■ What the task requires:
Print exactly the lines of the listing below from the one containing "Tree Isolated on White Background 17" through the final line, both included, and no pictures.

═════ Provided material

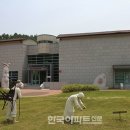 참청정 Daum카페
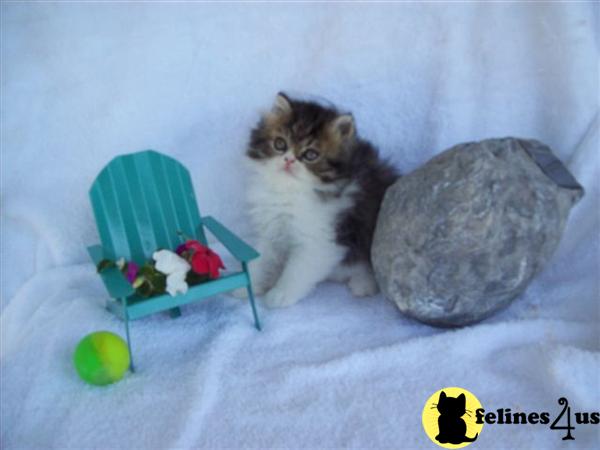 Little Secrets Persians 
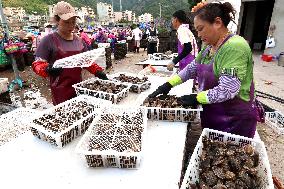 The Hometown of Abalone in China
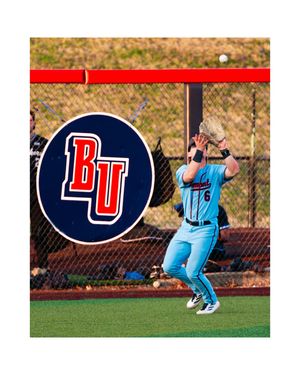 Image post by @mveldmanphoto on Instagram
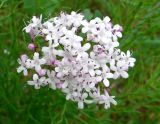 Valeriana capitata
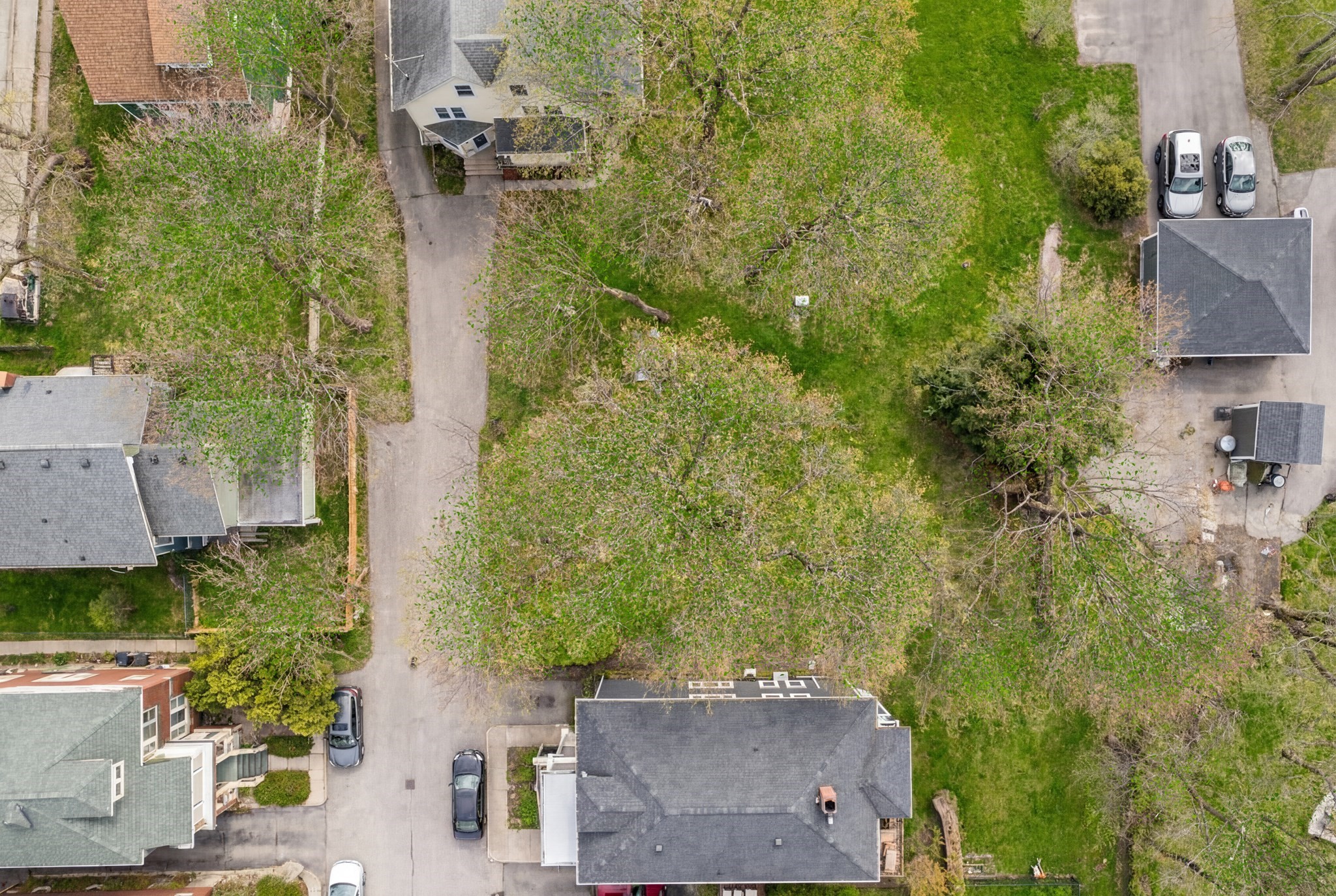 18 Robeson Street, Jamaica Plain, Boston, MA 02130 - Image 2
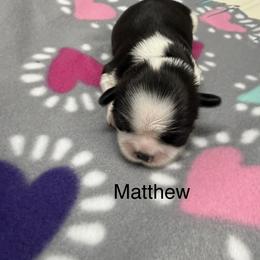 Matthew - Black and white male Shih Tzu puppy in Conway, Missouri from Hillside Loop Kennel LLC
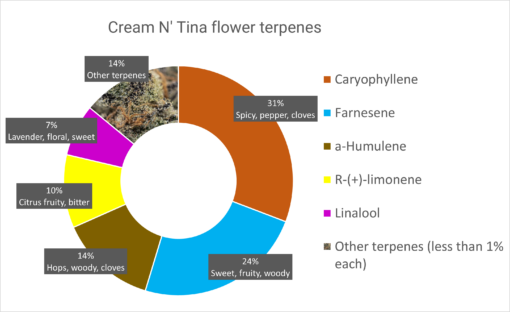 Cream N Tina- Dried Flower - Image 2
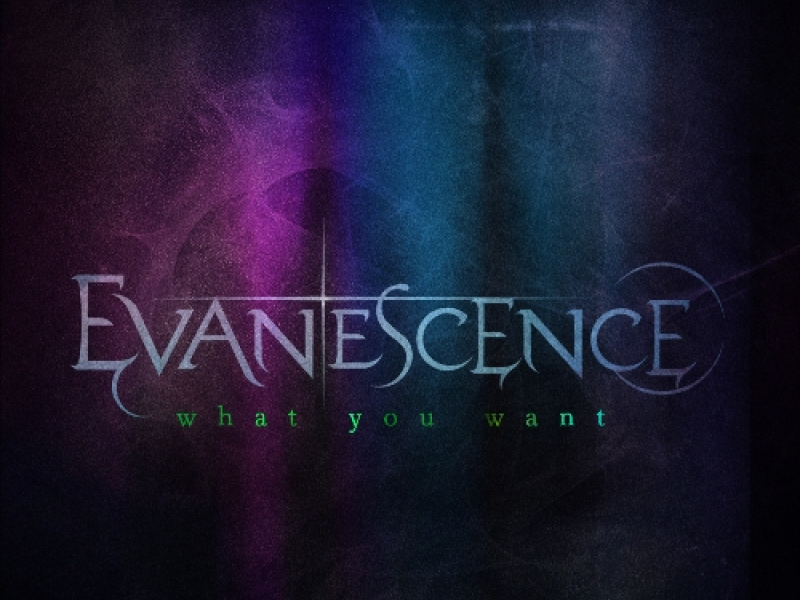 What You Want (CD Single)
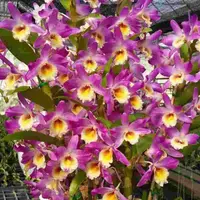 Dendrobium Numpuka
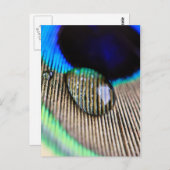 Carte Postale Peacock feather with water droplets (Devant / Derrière)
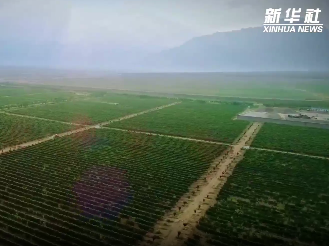 中国西北酿出世界级葡萄酒
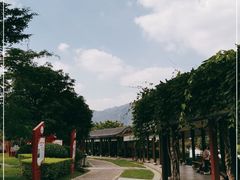 -飞来湖湿地公园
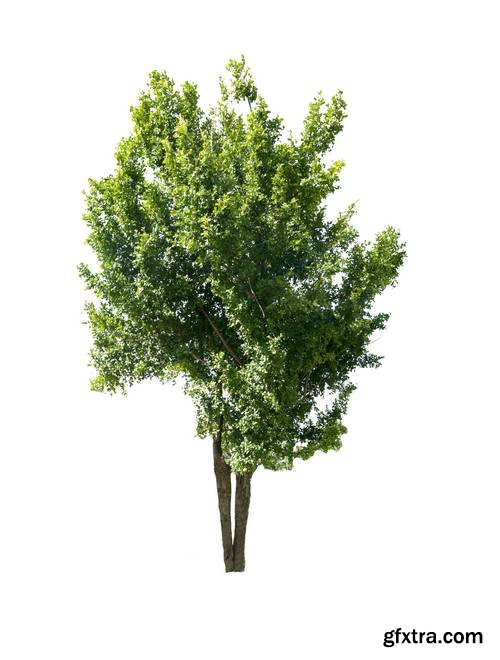 Tree Isolated on White Background 17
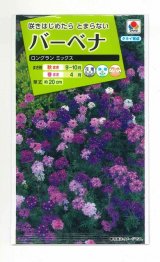 画像: 送料無料　花の種　バーベナ　ロングラン　ミックス　タキイ種苗(株)(ＮL200)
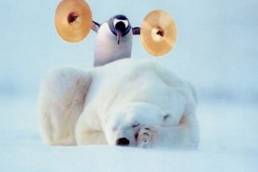 Genius, Power, Dreams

══════════

■ Solution for this problem:
 Tree Isolated on White Background 17
 画像: 送料無料　花の種　バーベナ　ロングラン　ミックス　タキイ種苗(株)(ＮL200)
 Genius, Power, Dreams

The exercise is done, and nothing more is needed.